**WHAT TO DO**
Begin at the line containing "Handtooled Cowhide Pinto" in the entries below and end at the line containing "Pendant Light Acrylic"; transcribe that range exactly and nothing outside it.

**INFORMATION SHOWN**
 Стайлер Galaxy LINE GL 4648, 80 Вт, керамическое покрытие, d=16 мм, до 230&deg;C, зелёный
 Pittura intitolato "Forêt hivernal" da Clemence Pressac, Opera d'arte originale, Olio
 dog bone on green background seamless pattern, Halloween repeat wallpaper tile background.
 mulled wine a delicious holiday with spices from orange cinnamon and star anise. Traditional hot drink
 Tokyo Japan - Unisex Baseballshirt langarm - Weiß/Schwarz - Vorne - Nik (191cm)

* * *

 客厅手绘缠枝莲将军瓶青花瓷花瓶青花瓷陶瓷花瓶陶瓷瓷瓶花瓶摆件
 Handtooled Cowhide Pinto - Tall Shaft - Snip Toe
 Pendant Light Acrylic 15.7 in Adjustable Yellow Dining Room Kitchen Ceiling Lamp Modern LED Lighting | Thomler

**ANSWER TO THIS PROBLEM**
 Handtooled Cowhide Pinto - Tall Shaft - Snip Toe
 Pendant Light Acrylic 15.7 in Adjustable Yellow Dining Room Kitchen Ceiling Lamp Modern LED Lighting | Thomler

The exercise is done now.